**DIRECTIONS FOR THIS TASK:** Exact repetition of a range: find the line containing "Broodtrommel Wit - Lunchbox" and the line containing "Cz Classic Necklace" in the material below, then repeat both and all lines between them, leaving pictures out.

**DATA FOR REVIEW:**
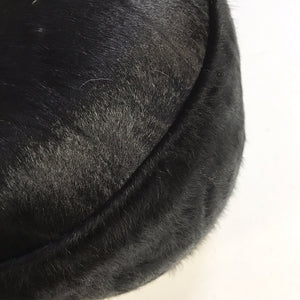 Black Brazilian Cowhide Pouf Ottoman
--
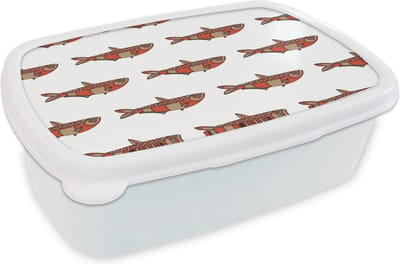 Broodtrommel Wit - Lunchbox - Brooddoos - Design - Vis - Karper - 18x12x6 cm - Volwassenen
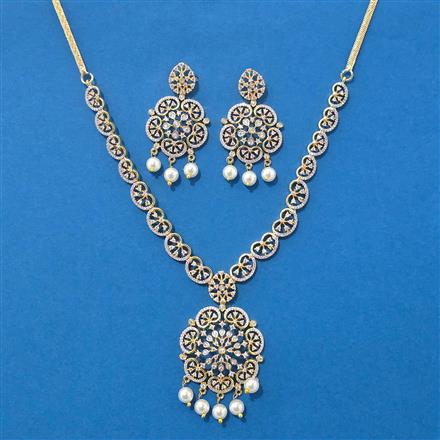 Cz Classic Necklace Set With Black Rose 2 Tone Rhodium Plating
==
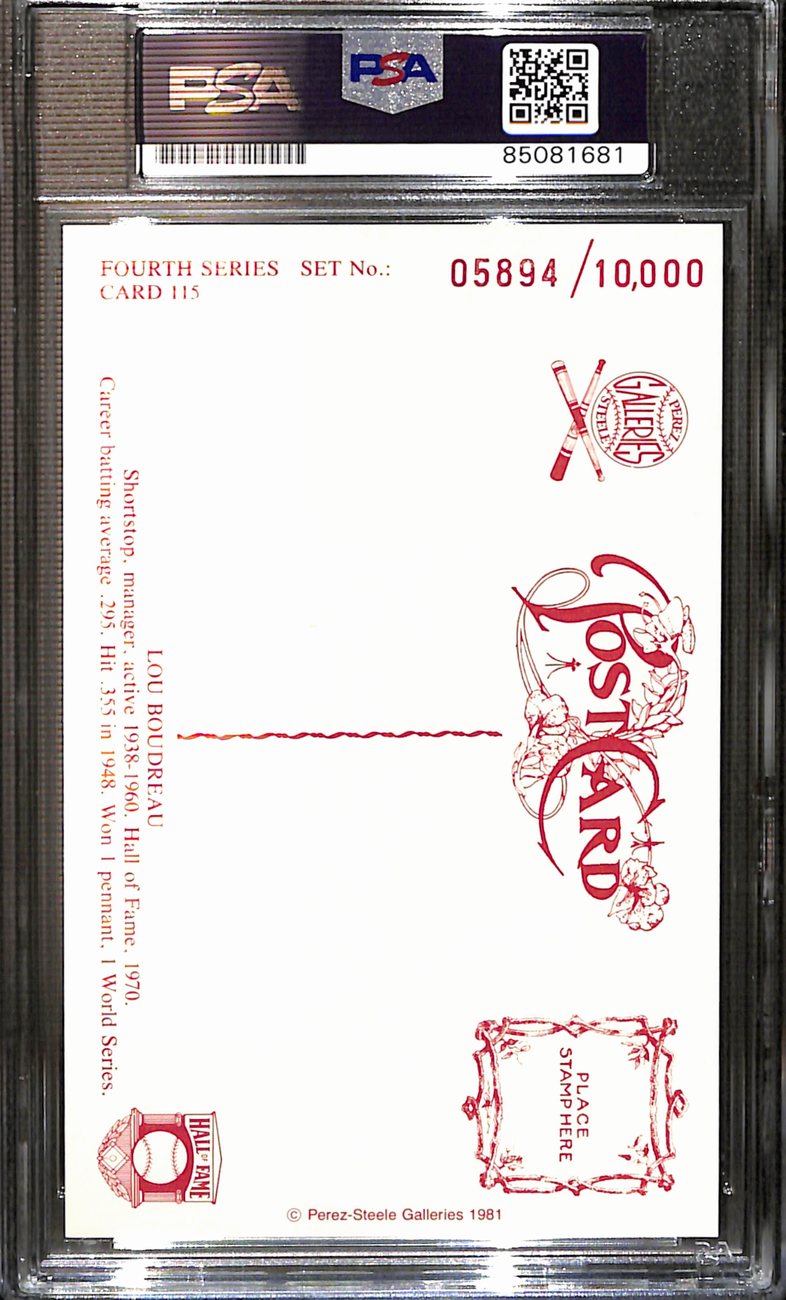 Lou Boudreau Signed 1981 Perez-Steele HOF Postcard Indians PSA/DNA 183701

**TASK OUTPUT:**
 Broodtrommel Wit - Lunchbox - Brooddoos - Design - Vis - Karper - 18x12x6 cm - Volwassenen
 Cz Classic Necklace Set With Black Rose 2 Tone Rhodium Plating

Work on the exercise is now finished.